The loggia is the theater of the sophisticated relationship between individual and society, between public and private. It is the place where a house expresses its dual nature: being a protected space and, at the same time, part of a larger urban community.
The section of the blind façade on Via Trieste reveals, in all its iconic clarity, the iconographic archetype of the house. Like a razor cut, the form stands out.
The final volume appears as a hollowed-out monolithic block, in which the loggias no longer appear as volumetric additions, but rather as subtractions, excavations.
The abstraction of language, as a necessary practice for handling the historical typological archetype of the farmhouse without getting burned, leads to a single-material architecture stripped of any reference to the technology with which it was built. Mixed masonry, reinforced concrete pillars, wooden beams, everything is hidden behind the abstract plastered skin.
The only trace of the successive construction phases remains in the different shades of gray: light for the original volume of the house and dark for the external skin that enlarges it.
Courtyard
In a formal clarification, the small courtyard is transformed into a perfectly square walled courtyard.
A high white wall embraces the façade of the house in a C-shape, interrupted only by the identical access and garage gates, which, like theatrical backdrops, are aligned along the driveway.

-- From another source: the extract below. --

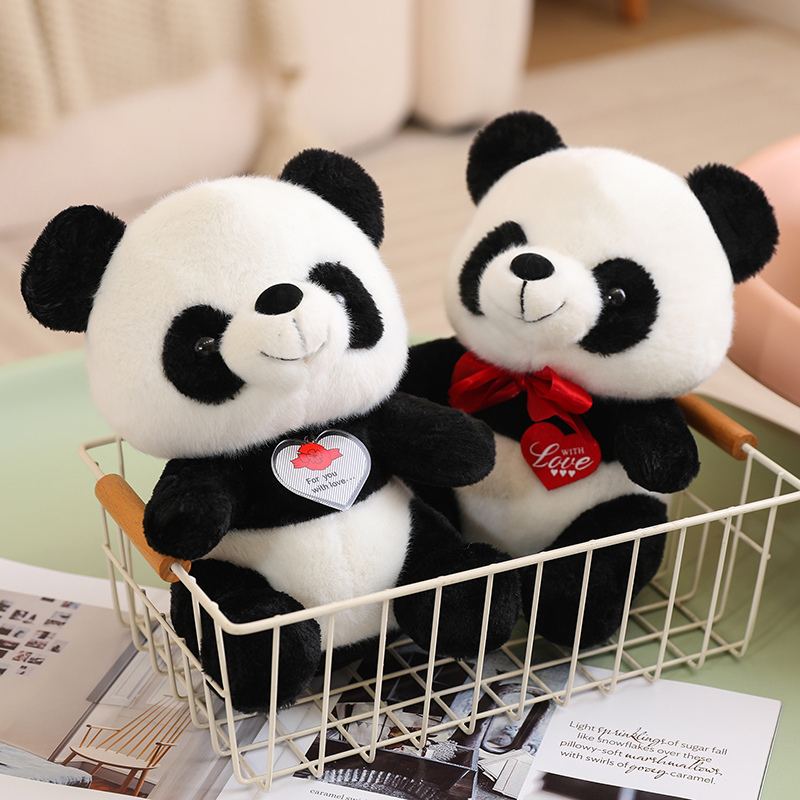 Loving Panda Plush Doll Valentine Plush offers multiple Valentine's Day love gifts for partners, romantic atmosphere 14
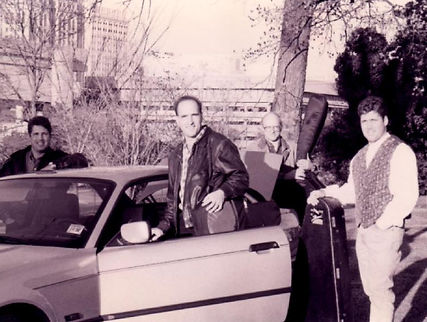 Tom Mendenhall, Arnie Solomon, Jim Conard, Tim Mendenhall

Made of white-painted L-shaped steel frames supporting solid wood planks with a natural finish, they are composed by a pedestrian door and a second larger door gate which, when opened together, reach the width of the driveway. While it’s true that 99% of gates built around the world are stark representations of the “end of public space” and the “beginning of private space.” Often intimidating in their aspect, they mostly speak the language of deterrence, this fence belongs to the 1% of gates that speak another language: welcoming guests, human warmth, and continuity between the city and the domestic space.